● **BRIEF**
Give back the entries exactly, ending with the "Meeting of the" line.
━━━━━ EXTRACTED ENTRIES ━━━━━
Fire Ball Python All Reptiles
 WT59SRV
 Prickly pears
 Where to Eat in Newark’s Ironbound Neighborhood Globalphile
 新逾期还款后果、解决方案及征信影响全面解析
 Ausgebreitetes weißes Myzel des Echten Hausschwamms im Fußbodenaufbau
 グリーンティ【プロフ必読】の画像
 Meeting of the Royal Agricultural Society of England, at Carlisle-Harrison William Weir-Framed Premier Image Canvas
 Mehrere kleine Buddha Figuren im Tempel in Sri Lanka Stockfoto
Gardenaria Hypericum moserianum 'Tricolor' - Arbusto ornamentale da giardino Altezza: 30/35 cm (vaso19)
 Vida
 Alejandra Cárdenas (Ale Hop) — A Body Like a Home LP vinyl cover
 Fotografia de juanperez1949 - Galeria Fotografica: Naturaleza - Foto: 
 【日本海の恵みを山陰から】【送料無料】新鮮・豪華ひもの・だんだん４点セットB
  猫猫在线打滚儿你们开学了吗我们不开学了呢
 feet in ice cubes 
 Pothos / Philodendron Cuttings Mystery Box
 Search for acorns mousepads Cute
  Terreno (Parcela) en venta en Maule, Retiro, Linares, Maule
━━━━━
● **EXERCISE ANSWER**
Fire Ball Python All Reptiles
 WT59SRV
 Prickly pears
 Where to Eat in Newark’s Ironbound Neighborhood Globalphile
 新逾期还款后果、解决方案及征信影响全面解析
 Ausgebreitetes weißes Myzel des Echten Hausschwamms im Fußbodenaufbau
 グリーンティ【プロフ必読】の画像
 Meeting of the Royal Agricultural Society of England, at Carlisle-Harrison William Weir-Framed Premier Image Canvas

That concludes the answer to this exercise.